まずは物流管理と倉庫管理それぞれの定義を明確にしましょう。両者は管理する範囲と目的が根本的に異なります。

  • 物流管理とは
  • 倉庫管理とは

物流管理とは

物流管理とは、調達・生産・在庫・配送・納品まで、商品が顧客に届くまでの一連の流れを統合的に管理する業務です。輸送・配車・在庫計画・在庫配置など、サプライチェーン全体を扱う広範囲のマネジメント領域といえます。

たとえば、製造業では原材料の調達から製品の生産、複数拠点への在庫配置、そして顧客への配送までを一貫して管理します。

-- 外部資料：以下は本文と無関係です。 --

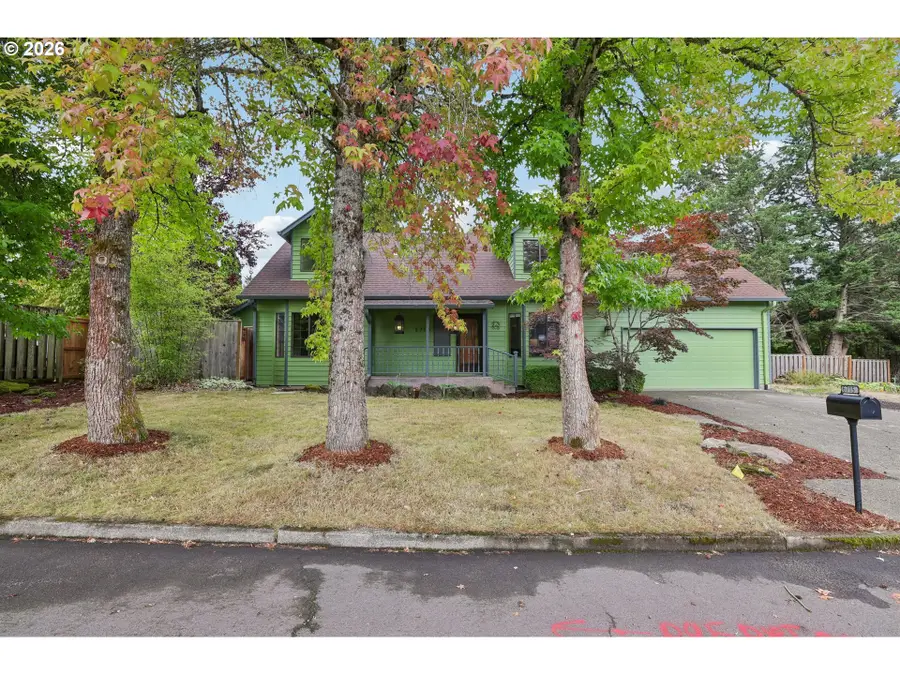 6715 SE 114th Ave, Portland, OR 97266 - #2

小売業では、仕入先からの商品調達、複数店舗への配分、顧客への配送を最適化する活動が物流管理に該当します。

全体最適を目的とした戦略的な業務であり、配送リードタイムの短縮やコスト削減、需給バランスの最適化を目指します。

倉庫管理とは

倉庫管理とは、倉庫内のモノの流れ(入庫・保管・棚入れ・ピッキング・出庫)を管理する業務です。現場オペレーションの効率化と正確性が主目的で、棚卸し・在庫管理・ロケーション管理など倉庫内に限定した領域を扱います。

具体的には、倉庫に届いた商品の検品、適切な場所への格納、注文に応じた商品の取り出し、梱包、出荷といった一連の作業を管理します。また、倉庫内の在庫数を正確に把握し、商品がどこにあるかを明確にするロケーション管理も重要な業務です。

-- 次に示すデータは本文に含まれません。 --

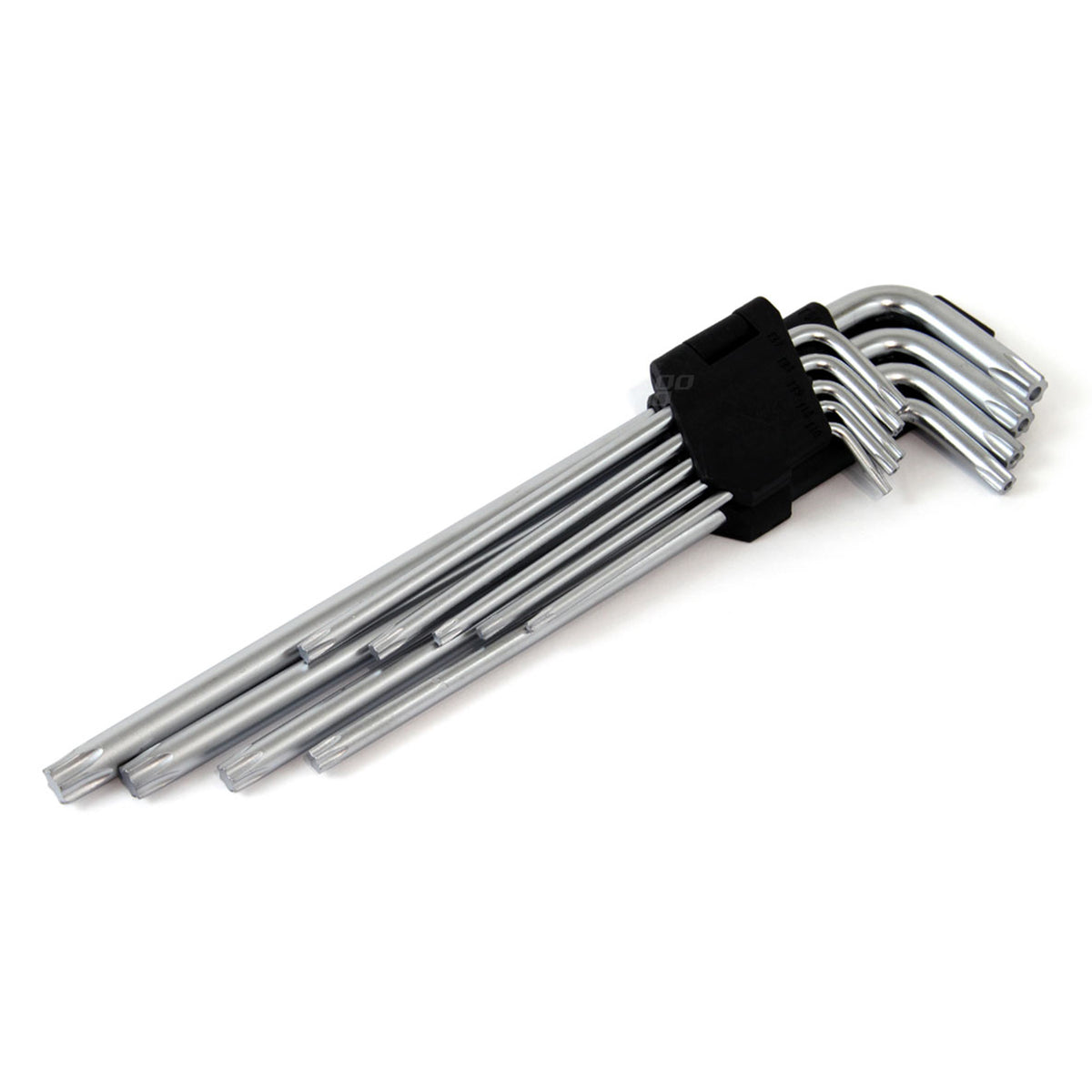 TORX sleutel LANG 230 mm 9 stuks TKL AMiO 01039 - AMiO 01039 - afbeelding 6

誤出荷や配送遅延を防ぎ、サービス品質を維持する役割を担います。倉庫管理が適切におこなわれていないと、欠品による配送遅延や、マニュアル不足による作業効率の低下が発生する可能性があります。

物流管理と倉庫管理の違い

物流管理と倉庫管理の違いを、4つの観点から詳しく見ていきましょう。それぞれの特性を理解することで、自社に必要な施策が明確になります。

  • 管理範囲の違い
  • 目的の違い
  • 担当する業務の違い
  • 必要スキルの違い

管理範囲の違い

物流管理はサプライチェーン全体、倉庫管理は倉庫内オペレーションが対象です。物流管理は原材料の調達から納品まで、モノが動くすべてのプロセスを管理します。

たとえば、物流管理では複数の倉庫間での在庫移動、配送ルートの最適化、輸送業者との調整など、倉庫の外での活動も含まれます。一方、倉庫管理は特定の倉庫内での保管・出荷という運用に特化しています。

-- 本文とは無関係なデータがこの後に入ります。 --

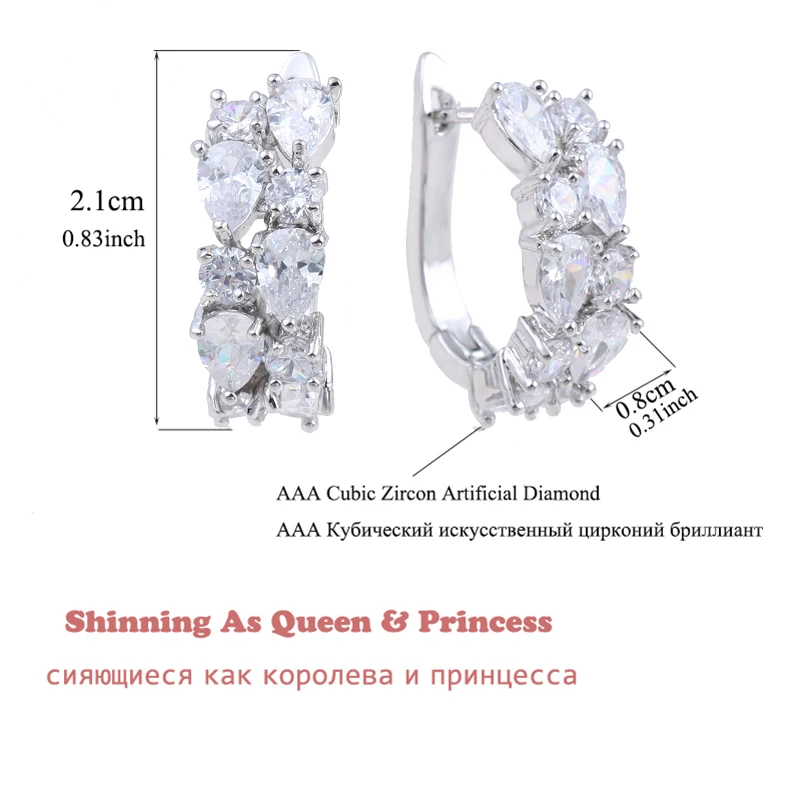 Ring Earrings Sets jewelry sets,jewelry set,women earrings for Women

物流管理が「モノが動くすべて」を対象とするのに対し、倉庫管理は「特定拠点の運用」に焦点を当てているのです。

目的の違い

物流管理は配送リードタイム短縮、コスト最適化、全体効率化を目指します。倉庫管理は作業効率化、保管精度向上、誤出荷防止が目的です。

物流管理が全社最適の視点で業務を進めるのに対し、倉庫管理は倉庫内の現場最適に重点を置きます。物流管理では、全体のコストを抑えながら配送スピードを上げることが求められますが、倉庫管理では倉庫内の作業をいかに正確かつ効率的におこなうかが重視されます。

両者の目的は異なりますが、倉庫管理の効率化が物流管理全体の最適化につながるため、密接に関連しています。

担当する業務の違い

物流管理は輸送手配、在庫配置、配車、需要予測、物流KPI管理を担当し、倉庫管理は入庫、棚入れ、在庫数管理、ピッキング、検品、出荷を担当します。

物流管理が「どこに、どう届けるか」という物流戦略を考えるのに対し、倉庫管理は「倉庫内でどう扱うか」という現場オペレーションを実行します。

たとえば、物流管理では「この商品はA倉庫に多めに配置し、B倉庫には少量にする」といった在庫配置の判断をおこないます。一方、倉庫管理では「A倉庫内でこの商品をどの棚に置き、どのように取り出すか」を決定します。

業務領域が根本的に違うため、求められる知識やスキルも大きく異なるのです。

必要スキルの違い

物流管理にはデータ分析、需給調整、配車ロジック、コスト管理のスキルが必要な一方、倉庫管理には作業設計、ロケーション管理、WMS運用、現場改善スキルが重要になります。

物流管理では、市場動向や販売データを分析し、需要を予測する能力が求められます。また、複数の輸送手段や配送ルートを比較し、最適な選択をする判断力も必要です。

一方、倉庫管理では、倉庫内のレイアウトを効率的に設計する能力や、作業者が迷わず作業できるマニュアルを作成する能力が重視されます。また、倉庫管理システム(WMS)を効果的に運用し、現場の改善活動を継続的におこなうスキルも欠かせません。

物流管理が担当する主な業務

物流管理が具体的にどのような業務を担当するのか、3つの主要業務について解説します。

  • 輸送・配送管理
  • 需給管理・在庫配置
  • 物流コスト管理

輸送・配送管理

輸送・配送管理とは、配車計画、ルート最適化、輸送品質の管理により、配送コストとリードタイムを最適化する物流管理の中核業務です。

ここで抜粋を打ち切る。